A scraping tool for pulling bible verses from the web, check it out here!

Basic Usage

Install with pip

 $ pip3 install biblescrapeway

CLI

biblescrapeway comes with a simple cli (bsw) to pull specific bible passages:

 $ bsw John3.16

You can also specify a translation (default is ESV):

 $ bsw --translation KJV John3.16

Or, get multiple verses with comma delimiting:

 $ bsw John3.16,1Peter3:8

Or, get a range of verses using a hyphon

 $ bsw John3.16-17

You can specify a formatting type with the --format/-f option, which exposes raw json:

 $ bsw -f json John3.16

You can also set the --cache/--no-cache flag to cache the results of queries locally, so that they can just be looked up on repeated evaluations. By default, bsw uses --no-cache.

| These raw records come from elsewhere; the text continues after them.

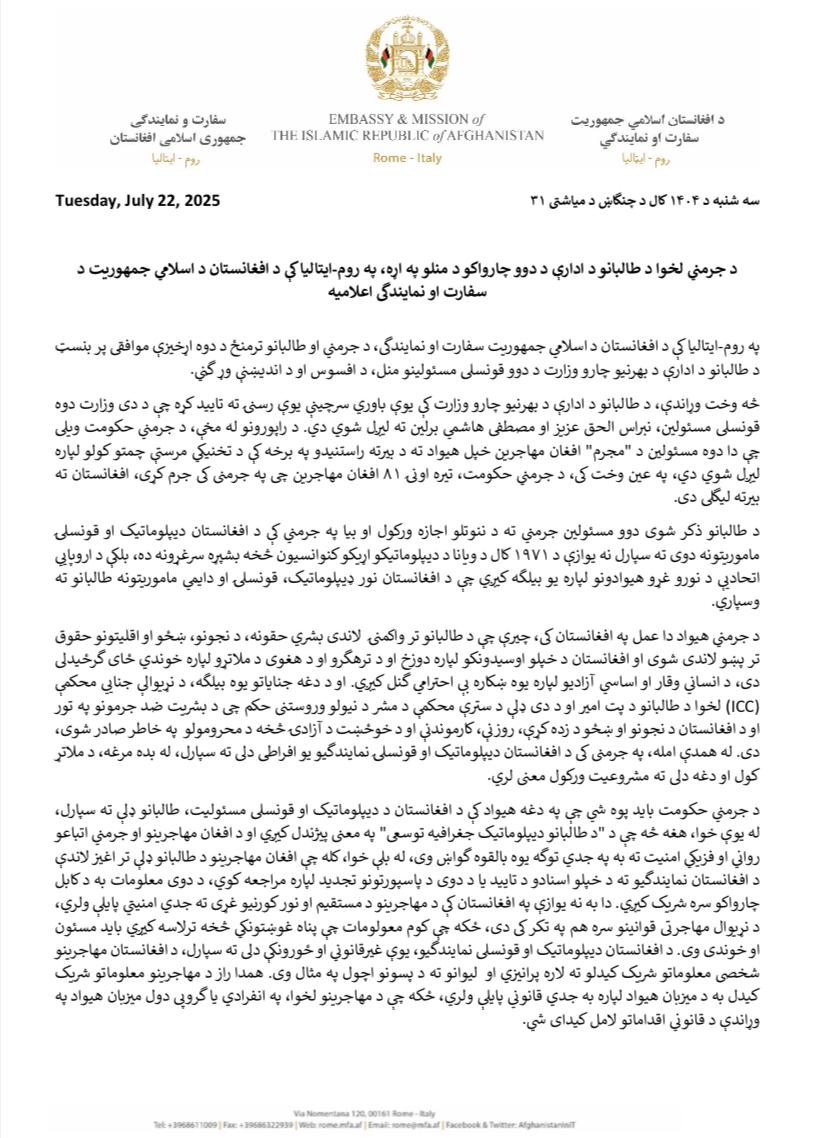 AFG_ROME's tweet photo. https://t.co/P4ri3LfOHn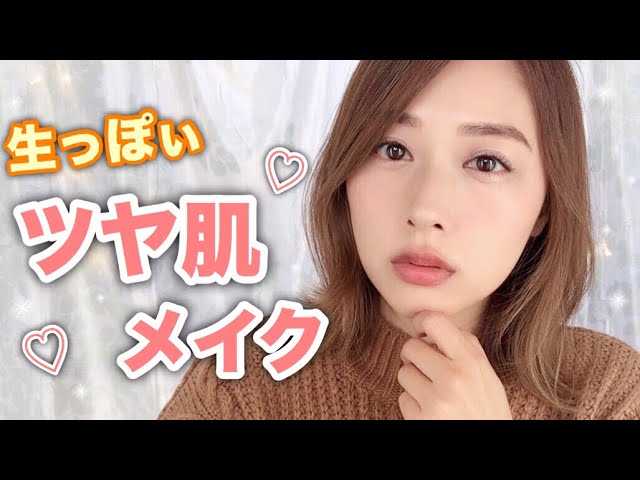 【時短メイク】生っぽいツヤ肌メイク♡【ベースメイク】/glowy skin makeup tutorial/yurika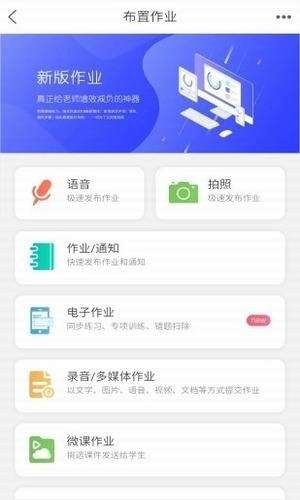 知學社區(qū)截圖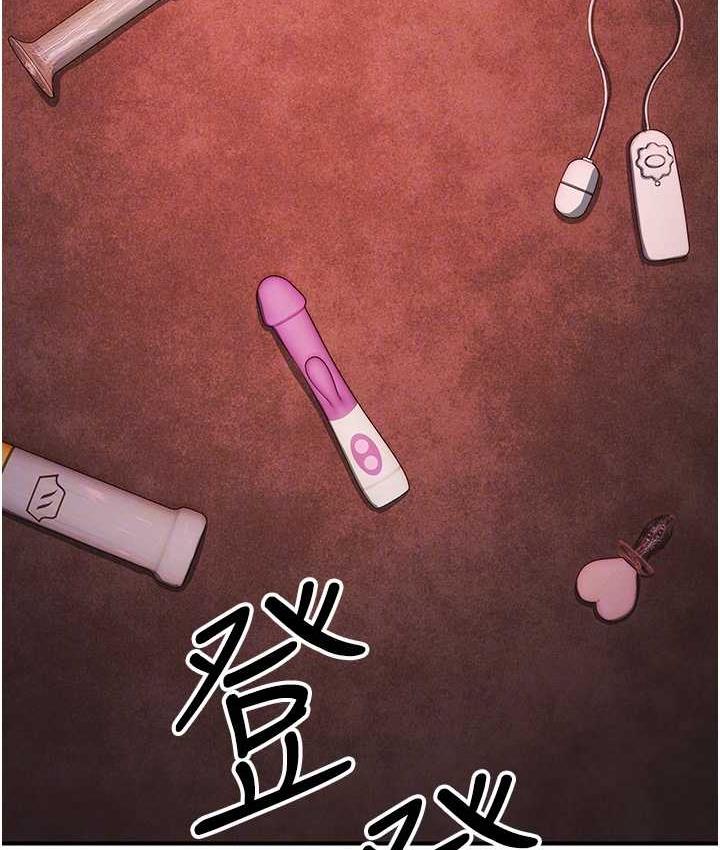 第23话-人家想要更厉害的棒棒♥ - 第43.jpg页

 $ bsw John3.16         # scraps the verse from the web
 $ bsw John3.16         # scraps the verse from the web again
 $ bsw --cache John3.16 # scraps the verse, then saves it locally at '~/.bsw_cache.json'
 $ bsw --cache John3.16 # looks up the verse locally, does not re-scrap it
 $ bsw John3.16         # scraps the verse from the web again

Programmatic

It is also possible to get full verse objects via python, using the query function:

from biblescrapeway import query
verse = query("John 3:16", version = "NIV")[0]
verse.to_dict()

The function returns a scraper.Verse object, which can be convered into a dict using the .to_dict() method. The resulting object has the following format:

{
    "book"    : "str | name of the bible book",
    "chapter" : "int | chapter number",
    "verse"   : "int | verse number",
    "version" : "str | bible version abbreviation",
    "text"    : "str | text content of the verse",
    "footnotes" : [
        {
            "str_index" : "int | index in text string of footnote location",
            "html"      : "str | html of footnote content"
        }
    ],
    "crossrefs" : [
        {
            "str_index" : "int  | index in text string of footnote location",
            "ref_list"  : "list | list of strings of cross referenced verses"
        }
    ]
}

The caching functionality is also accessible from the query function as:

verse_list = query("John3.16", cache=True) # scraps from the web
verse_list = query("John3.16", cache=True) # just looks result up

Development

# Create the venv
python3 -m venv venv
./venv/bin/pip install -r requirements.txt

# install for development
./venv/bin/pip install --editable .

# Test
./scripts/run_tests.sh

# Build
./scripts/build.sh

# Deploy
twine upload dist/*

Known Bugs

TODO

  • Add WAY more documentations, like some docstrings for the modules . .
  • Add more unit tests
  • expand cli?
  • finish string_cleaner to convert special unicode characters into simpler characters
  • standardize some of the naming -- inconsisten use of reference to sometimes mean Range, also, scrap is pretty overloaded.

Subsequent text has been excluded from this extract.